Another Ivorian to carve out a stunning career in Europe is Yaya Toure, ​​who won the Africa Cup of Nations in 2015 and African footballer of the year four times. He excelled at Barcelona, winning two La Liga titles and the Champions League with Guardiola in 2009. He then moved on to become part of the Manchester City dynasty, claiming three Premier League titles and one FA cup.

No list would be complete without mentioning the unique talent of Liberian George Weah, the only African star to win the Ballon d’Or, which he was awarded in 1995.

Blessed with extraordinary skill on the pitch and character off it, Weah’s major trophy tally included two Serie A titles with AC Milan, one Ligue 1 with Paris Saint-Germain and an FA cup with Chelsea.

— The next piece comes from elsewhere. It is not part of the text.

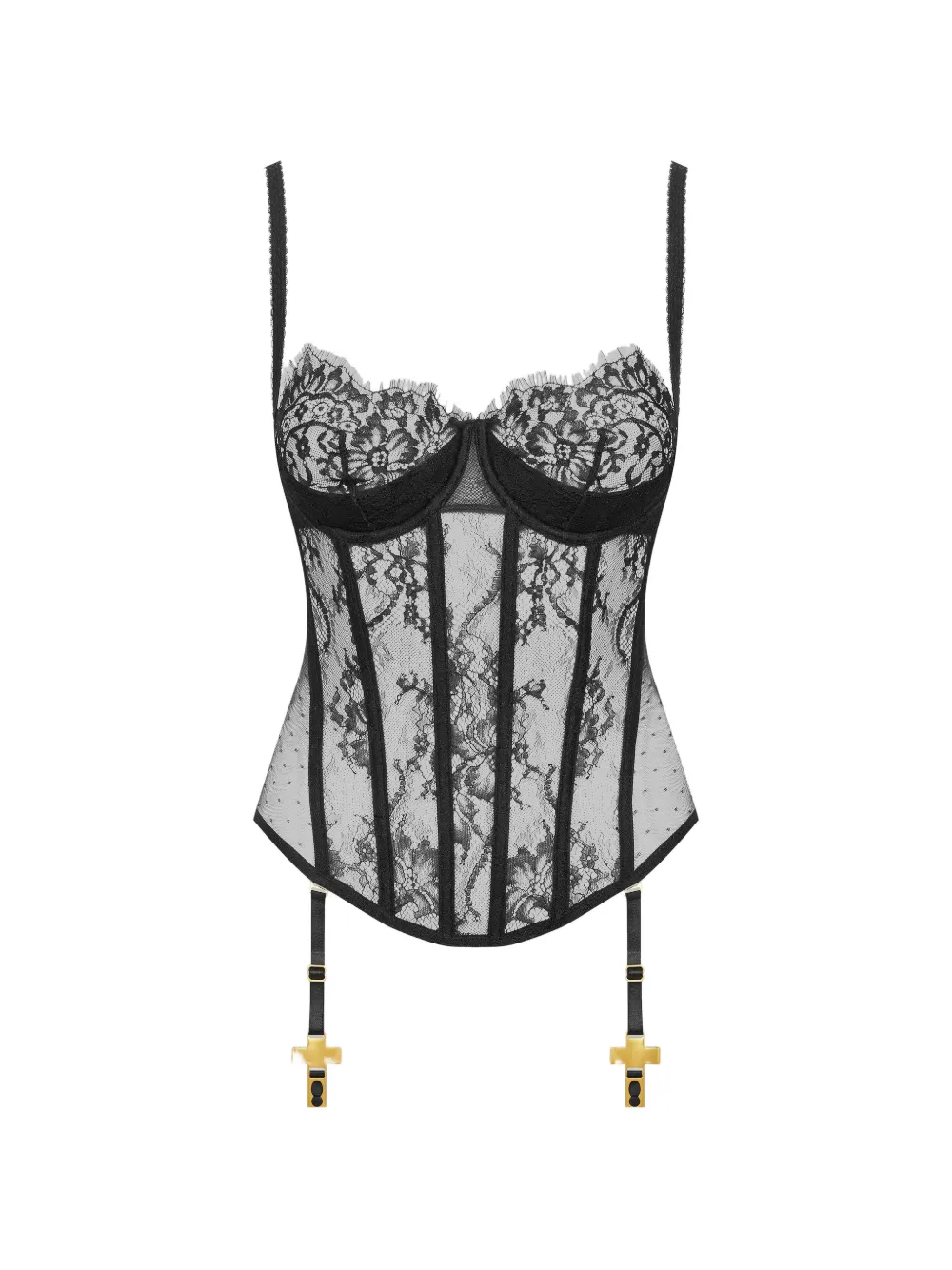 SCANDALE Inspiration Divine lace corset - Nero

While Weah won the African footballer of the year award three times (1989, 1994, 1985), he never made his mark on the Africa Cup of Nations.

Still, what other African star — apart from Salah, perhaps, in recent years — has been seen as outright the best player in the world at one time?

There are many others who have at one time or another shone in Europe and for their countries. These include Noureddin Naybet, Taribo West, Rabah Majer, Michael Essien, Samuel Kufuor, Kolo Toure, Abedi Pele, Seydou Keita, Benny McCarthy, Asamoah Gyan, Jay Jay Okocha, and Pierre-Emerick Aubameyang. The list goes on and on.

And let’s not forget the hundreds of home-based African stars who don’t receive the same attention as their Europe-based colleagues but who are just as important to their countries’ causes.

On Sunday night, Salah might lead Egypt to a record-extending eighth AFCON title, or Mane might lift Senegal’s first.

Whatever the outcome, the Liverpool stars will no doubt be the first to share the glory with their teammates.